··· Dataset
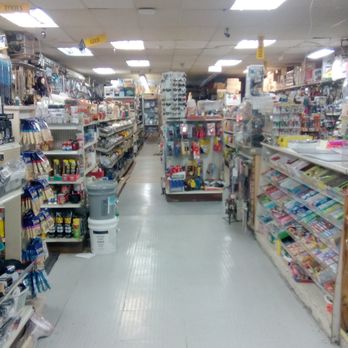 Quality King - lottery , candy and soda etc - Hardware Stores Near Me - Bayonne, New Jersey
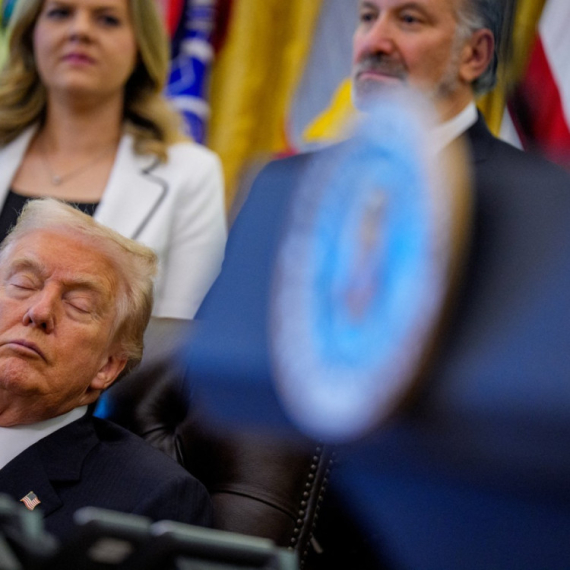 Tramp nije dobro? Podvrgnut tajnom pregledu; Oglasila se Bela kuća VIDEO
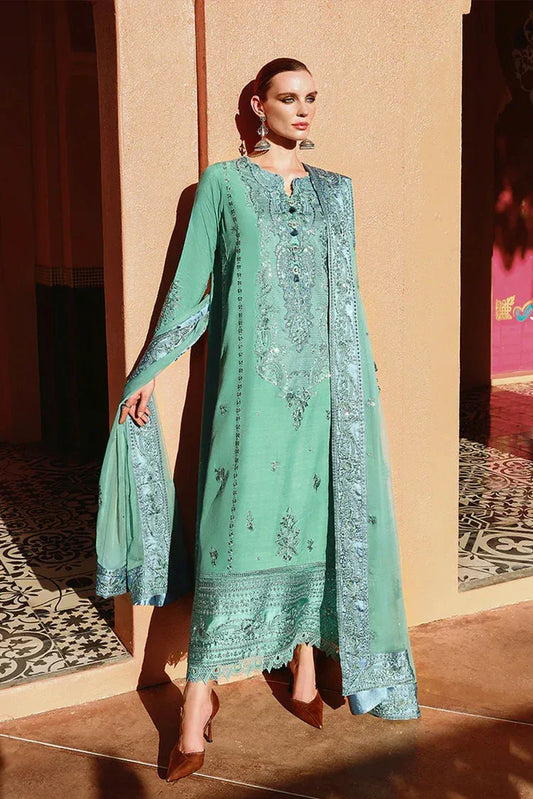 Mushq RawSilk (3pc)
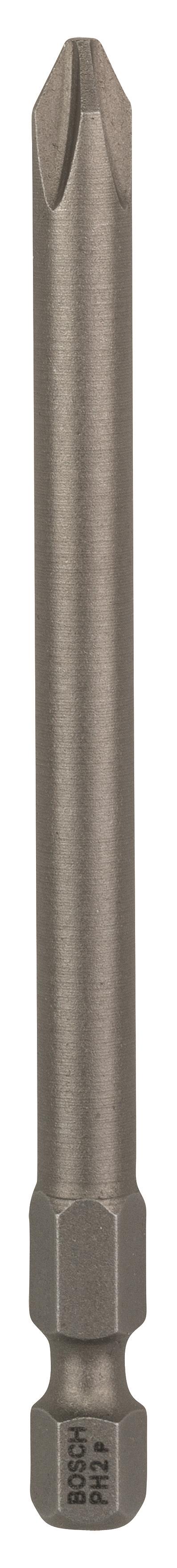Bosch Skrutkovací bit zvlášť tvrdý Extra-Hart PH 2, 89 mm 2.607.001.535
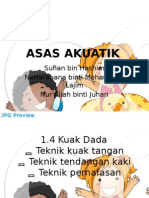 Asas Akuatik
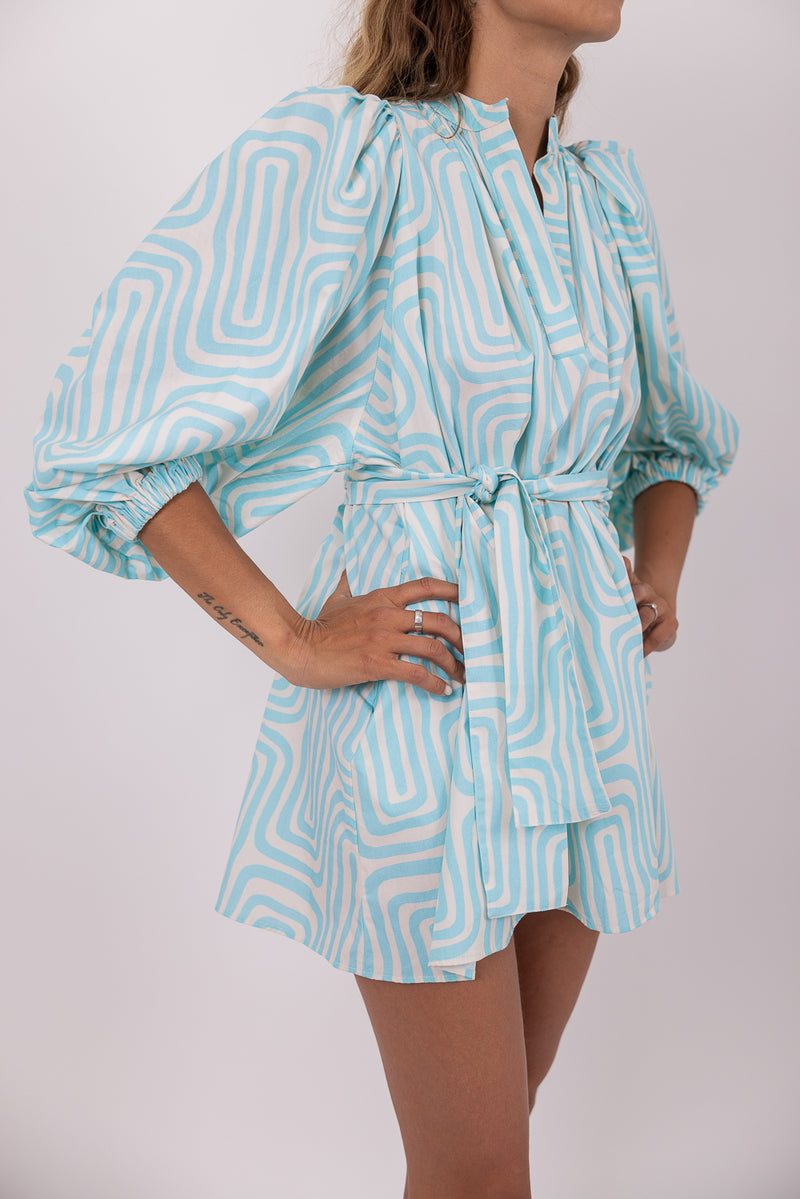 INAYA DRESS SEYCHELLES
······
** What the task asks **
Apart from the pictures, the whole listing should be reproduced exactly.

** Response area **
 Quality King - lottery , candy and soda etc - Hardware Stores Near Me - Bayonne, New Jersey
 Tramp nije dobro? Podvrgnut tajnom pregledu; Oglasila se Bela kuća VIDEO
 Mushq RawSilk (3pc)
Bosch Skrutkovací bit zvlášť tvrdý Extra-Hart PH 2, 89 mm 2.607.001.535
 Asas Akuatik
 INAYA DRESS SEYCHELLES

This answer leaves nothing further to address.